Addressing reporters on Friday at the end of the three day gathering in Sandton, Ramaphosa confirmed that Putin wanted to know where the country stands on the planned nuclear build programme.
Ramaphosa said South Africa gave Russia “a clear, straight-forward answer”.
“Our economy is not operating at a level where we would like it to and we have got huge financial constraints. We are not able to proceed with a nuclear build programme and President Putin was quite relaxed about this,” he said.
Russia has been one of the countries vying to build new nuclear power reactors in South Africa that would produce around 9.6 gigawatts of energy.
But the controversial project, which gained momentum during former president Jacob Zuma’s term in office, has been criticised for being too costly for the country's struggling economy.
Ramaphosa said Putin conceded that SA should focus on its economic issues “and when the situation changes, we can keep talking”.
He stressed the answer he gave to Russia was a position that South Africa had articulated before.
The summit of the grouping of five emerging economies, Brazil, Russia, India, China and South Africa took place amid a growing trade war between China and the US.
The grouping signed the Johannesburg Declaration on Thursday to improve intra-trade and spoke out strongly against unilateral trade.
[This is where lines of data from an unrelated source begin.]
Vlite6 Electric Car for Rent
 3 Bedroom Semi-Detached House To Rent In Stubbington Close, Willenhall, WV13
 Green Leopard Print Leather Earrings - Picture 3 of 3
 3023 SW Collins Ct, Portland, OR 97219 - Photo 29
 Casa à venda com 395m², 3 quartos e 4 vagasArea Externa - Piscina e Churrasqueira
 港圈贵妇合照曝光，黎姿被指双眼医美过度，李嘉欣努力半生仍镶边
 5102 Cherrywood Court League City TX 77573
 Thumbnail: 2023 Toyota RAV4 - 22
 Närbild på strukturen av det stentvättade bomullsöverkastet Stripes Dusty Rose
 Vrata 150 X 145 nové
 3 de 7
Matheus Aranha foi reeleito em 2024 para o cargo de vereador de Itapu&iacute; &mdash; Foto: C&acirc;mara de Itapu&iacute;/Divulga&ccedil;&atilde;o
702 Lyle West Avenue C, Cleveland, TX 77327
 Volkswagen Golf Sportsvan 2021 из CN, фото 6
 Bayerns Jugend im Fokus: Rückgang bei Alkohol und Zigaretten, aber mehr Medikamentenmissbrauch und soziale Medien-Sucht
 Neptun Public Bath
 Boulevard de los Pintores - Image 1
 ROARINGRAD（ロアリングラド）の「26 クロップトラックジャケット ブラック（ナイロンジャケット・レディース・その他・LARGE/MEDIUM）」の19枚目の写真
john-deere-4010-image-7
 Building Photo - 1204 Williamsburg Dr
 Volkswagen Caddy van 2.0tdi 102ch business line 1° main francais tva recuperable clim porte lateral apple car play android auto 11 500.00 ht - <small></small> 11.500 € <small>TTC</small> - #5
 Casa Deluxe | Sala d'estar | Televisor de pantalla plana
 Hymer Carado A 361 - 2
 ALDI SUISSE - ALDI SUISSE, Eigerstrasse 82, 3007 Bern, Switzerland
This week, China committed $14.7bn (R193bn) of investment to South Africa, signalling growing partnership between the two countries, although trade levels remain skewed towards China.
Ramaphosa defended South Africa’s close ties with China, which is the country’s single biggest trading partner.
He stressed that South Africa was a sovereign country and free to choose whoever it wanted to associate with and that the ties are “not at the exclusion of other countries in the world".
“Of course, all of us are safeguarding our own sovereignty, we are independent countries, and all of us can choose whoever we want to associate with, and as we associate together in Brics,” he said.
“None of us as part of Brics will ever countenance or accept the fact that we should be told who our friends should be and who our enemies should be.”